# Servicing a joint mortgage alone



## David (16 Feb 2015)

I realise that similar threads exist, but just curious to see if any advice could be given on my circumstances.

I purchased my home in May 2008, a joint mortgage with my ex partner. Property cost €345k 100% mortgage.

Early 2009, the relationship ended. My ex has not contributed to the mortgage since. I approached the lender, EBS and explained the situation. No joy, told Id need to buy my ex out but couldn't get approval for the mortgage, obviously.

I serviced all mortgage repayments until June 2013. Missed repayments in June, July, August and October of 2013. These arrears were capitalised following a three month "interest only" period and a few payments towards the arrears.

I do not have any contact with my ex but could reach her if need be.
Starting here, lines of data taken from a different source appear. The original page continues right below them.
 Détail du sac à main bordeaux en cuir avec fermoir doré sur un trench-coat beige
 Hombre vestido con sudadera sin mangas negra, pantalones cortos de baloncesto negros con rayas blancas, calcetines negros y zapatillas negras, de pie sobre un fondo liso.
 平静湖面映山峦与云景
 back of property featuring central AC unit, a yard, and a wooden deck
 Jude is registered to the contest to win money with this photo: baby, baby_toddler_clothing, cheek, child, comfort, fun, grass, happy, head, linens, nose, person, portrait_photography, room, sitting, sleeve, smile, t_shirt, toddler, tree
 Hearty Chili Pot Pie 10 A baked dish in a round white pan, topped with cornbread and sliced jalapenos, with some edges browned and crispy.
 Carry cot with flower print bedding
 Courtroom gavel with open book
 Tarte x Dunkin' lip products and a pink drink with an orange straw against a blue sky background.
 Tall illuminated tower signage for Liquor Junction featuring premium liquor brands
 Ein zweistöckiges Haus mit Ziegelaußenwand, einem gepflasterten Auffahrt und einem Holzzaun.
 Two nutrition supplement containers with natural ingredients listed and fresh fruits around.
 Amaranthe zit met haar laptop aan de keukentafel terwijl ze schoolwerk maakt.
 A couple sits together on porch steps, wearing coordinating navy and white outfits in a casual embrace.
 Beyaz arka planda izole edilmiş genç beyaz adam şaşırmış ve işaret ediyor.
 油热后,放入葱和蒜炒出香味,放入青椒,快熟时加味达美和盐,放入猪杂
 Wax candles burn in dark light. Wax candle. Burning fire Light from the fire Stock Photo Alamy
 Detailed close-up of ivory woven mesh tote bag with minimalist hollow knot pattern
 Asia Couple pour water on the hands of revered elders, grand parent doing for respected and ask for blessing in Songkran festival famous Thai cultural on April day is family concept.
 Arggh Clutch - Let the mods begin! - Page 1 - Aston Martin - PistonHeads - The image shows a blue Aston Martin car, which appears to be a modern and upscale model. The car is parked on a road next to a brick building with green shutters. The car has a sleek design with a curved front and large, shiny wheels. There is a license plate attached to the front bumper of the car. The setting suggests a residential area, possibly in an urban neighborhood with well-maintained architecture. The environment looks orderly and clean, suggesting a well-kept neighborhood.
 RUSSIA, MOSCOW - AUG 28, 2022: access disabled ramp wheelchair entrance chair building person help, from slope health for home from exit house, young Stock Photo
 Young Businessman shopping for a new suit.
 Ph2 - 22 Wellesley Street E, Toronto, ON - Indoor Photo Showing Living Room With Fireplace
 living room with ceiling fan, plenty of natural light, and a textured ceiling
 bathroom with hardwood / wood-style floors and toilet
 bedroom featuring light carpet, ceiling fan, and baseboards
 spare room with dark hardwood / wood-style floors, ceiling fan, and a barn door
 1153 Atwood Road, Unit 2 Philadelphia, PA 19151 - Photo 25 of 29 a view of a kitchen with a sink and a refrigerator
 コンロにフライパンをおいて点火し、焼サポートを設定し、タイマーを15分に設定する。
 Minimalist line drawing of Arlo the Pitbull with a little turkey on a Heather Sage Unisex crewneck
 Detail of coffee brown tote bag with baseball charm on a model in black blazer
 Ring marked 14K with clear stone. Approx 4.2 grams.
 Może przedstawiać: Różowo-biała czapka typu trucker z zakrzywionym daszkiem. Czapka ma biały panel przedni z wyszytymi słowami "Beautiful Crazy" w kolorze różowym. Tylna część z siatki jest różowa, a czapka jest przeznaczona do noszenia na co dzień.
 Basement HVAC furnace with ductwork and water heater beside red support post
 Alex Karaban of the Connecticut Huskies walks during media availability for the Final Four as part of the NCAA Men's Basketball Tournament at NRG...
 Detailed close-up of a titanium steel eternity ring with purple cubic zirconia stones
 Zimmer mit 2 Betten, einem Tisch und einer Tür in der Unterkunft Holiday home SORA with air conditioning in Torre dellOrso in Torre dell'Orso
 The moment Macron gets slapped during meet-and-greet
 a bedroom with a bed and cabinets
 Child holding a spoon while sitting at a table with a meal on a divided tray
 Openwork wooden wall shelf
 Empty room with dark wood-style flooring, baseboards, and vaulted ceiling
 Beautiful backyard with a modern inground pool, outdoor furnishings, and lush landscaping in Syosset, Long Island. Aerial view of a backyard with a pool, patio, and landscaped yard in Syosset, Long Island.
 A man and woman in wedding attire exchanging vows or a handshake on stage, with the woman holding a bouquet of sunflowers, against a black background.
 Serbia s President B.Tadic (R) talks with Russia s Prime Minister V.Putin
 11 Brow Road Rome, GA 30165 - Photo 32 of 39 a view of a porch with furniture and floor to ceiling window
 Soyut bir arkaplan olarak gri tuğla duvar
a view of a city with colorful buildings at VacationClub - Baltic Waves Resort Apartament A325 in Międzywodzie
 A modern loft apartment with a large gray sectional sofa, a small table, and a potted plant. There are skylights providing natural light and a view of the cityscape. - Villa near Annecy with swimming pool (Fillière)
My ex has stated in the past that she wishes to wash her hands of the mortgage and has no interest in the property, naturally enough- she doesn't like the €70k neg equity.

My plan is to try get back to some form of equity and sell the house ASAP for as small of a hit as possible.

First question- was I/am I being naive to service the full mortgage leaving my ex get off the hook?

Second question- is it possible to have Her removed from the deeds?

Third question- any other way to protect myself from her coming back and staking a claim if the property becomes valuable again?

Advice welcome.

Regards


----------



## Gordon Gekko (16 Feb 2015)

I'd be looking for her to sign something to the effect that she has no beneficial interest in the property.


----------